» **GIVEN INFORMATION**:
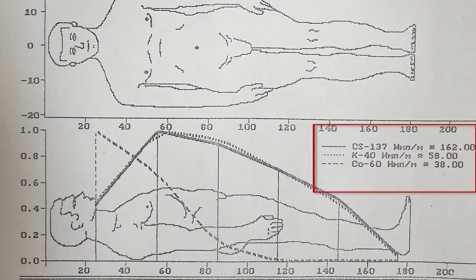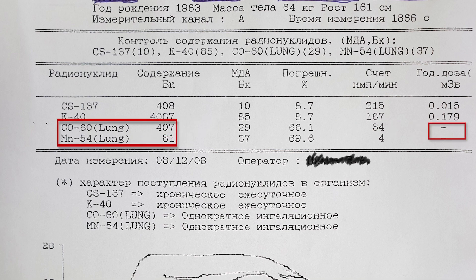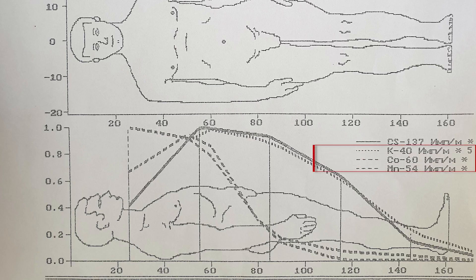We can see that most of the cobalt is in his chest, because it's lung ingestion. Here is cobalt and manganese — also all in the lungs. So it's lung ingestion, not distributed through the body. We can see there is nothing in the legs.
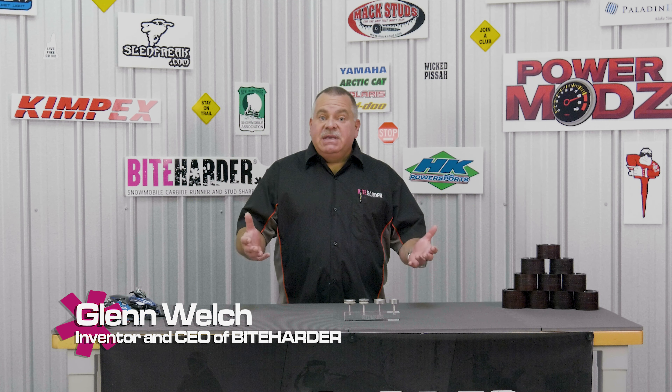Hi, I'm Glenn Welch and I want to welcome you to ByteHarder's page in the digital edition of the Big East Power Sports Show. With the majority of snowmobile shows being canceled this year and the frustration of not being able to interface with our customers one-on-one, digital events like this are our saving grace and we are excited about participating.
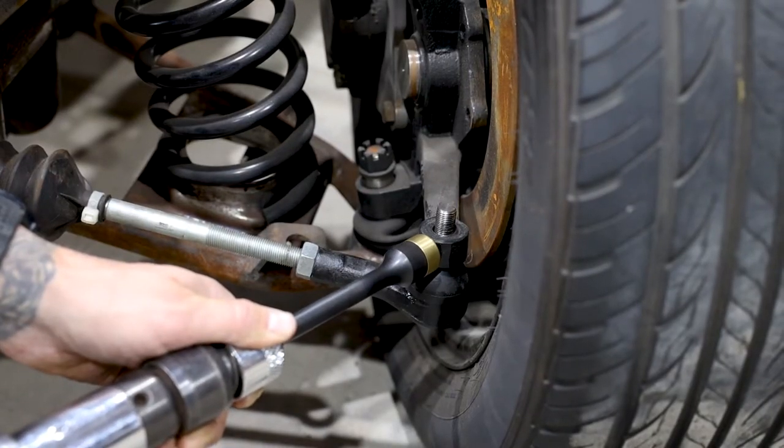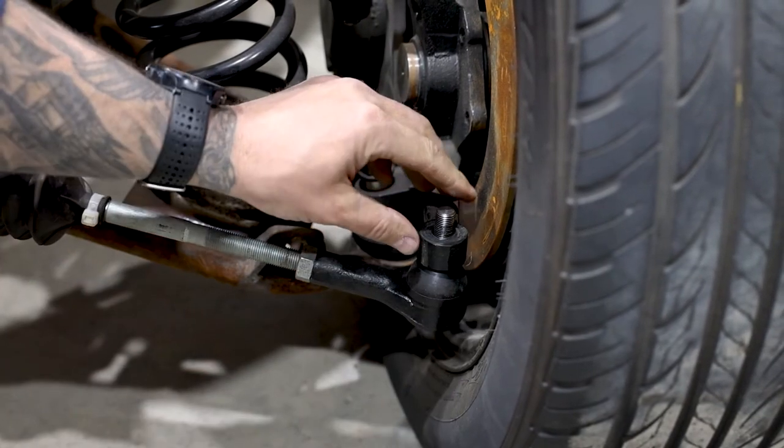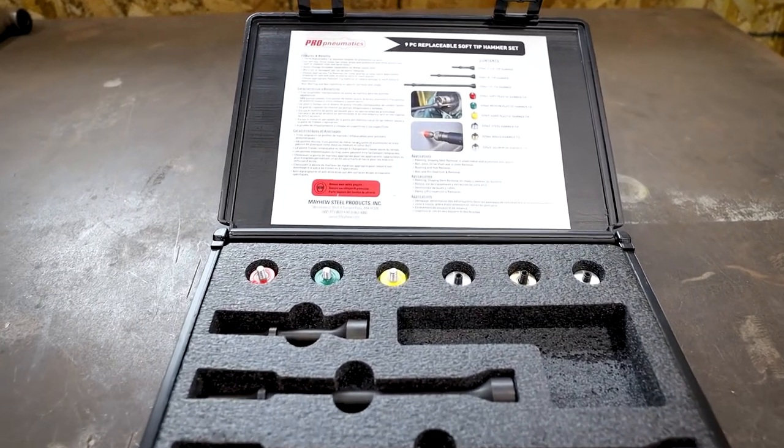Great for a variety of applications including ball joint and tie rod removal. Because of the soft tips, you won't have to worry about damaging your parts. Ideal for jobs where safety and product integrity is key.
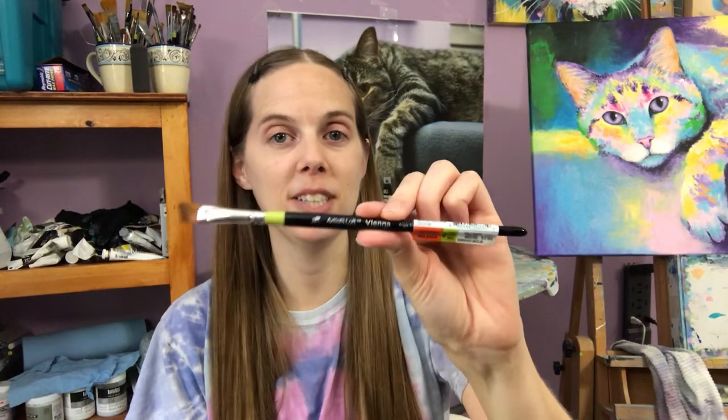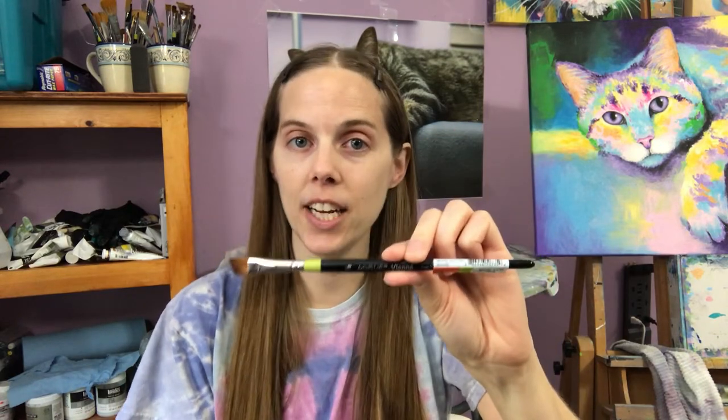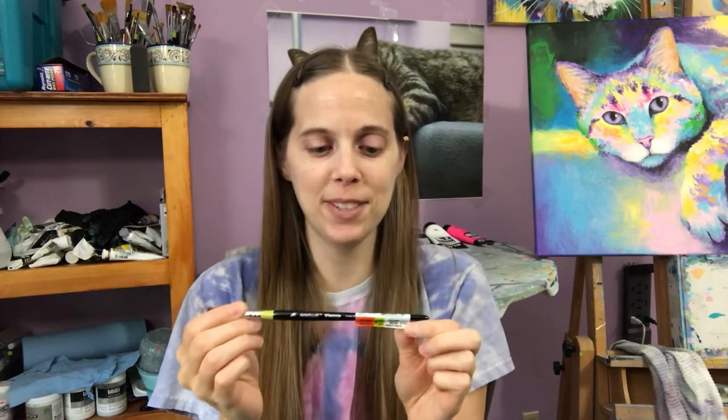In this video I want to share one of my favorite brushes of all time. It is a 3/8 inch angled shader and this one is a Level 3 brush. You can see I still have the tag on there from Michaels where I purchased it.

» **WHAT IS BEING ASKED**: Nothing but the lines from the line containing "Hi, I'm Glenn" through the last line of the listing above should appear, output exactly, with no pictures.

» **RESULT OF THIS TASK**:
Hi, I'm Glenn Welch and I want to welcome you to ByteHarder's page in the digital edition of the Big East Power Sports Show. With the majority of snowmobile shows being canceled this year and the frustration of not being able to interface with our customers one-on-one, digital events like this are our saving grace and we are excited about participating.
Great for a variety of applications including ball joint and tie rod removal. Because of the soft tips, you won't have to worry about damaging your parts. Ideal for jobs where safety and product integrity is key.
In this video I want to share one of my favorite brushes of all time. It is a 3/8 inch angled shader and this one is a Level 3 brush. You can see I still have the tag on there from Michaels where I purchased it.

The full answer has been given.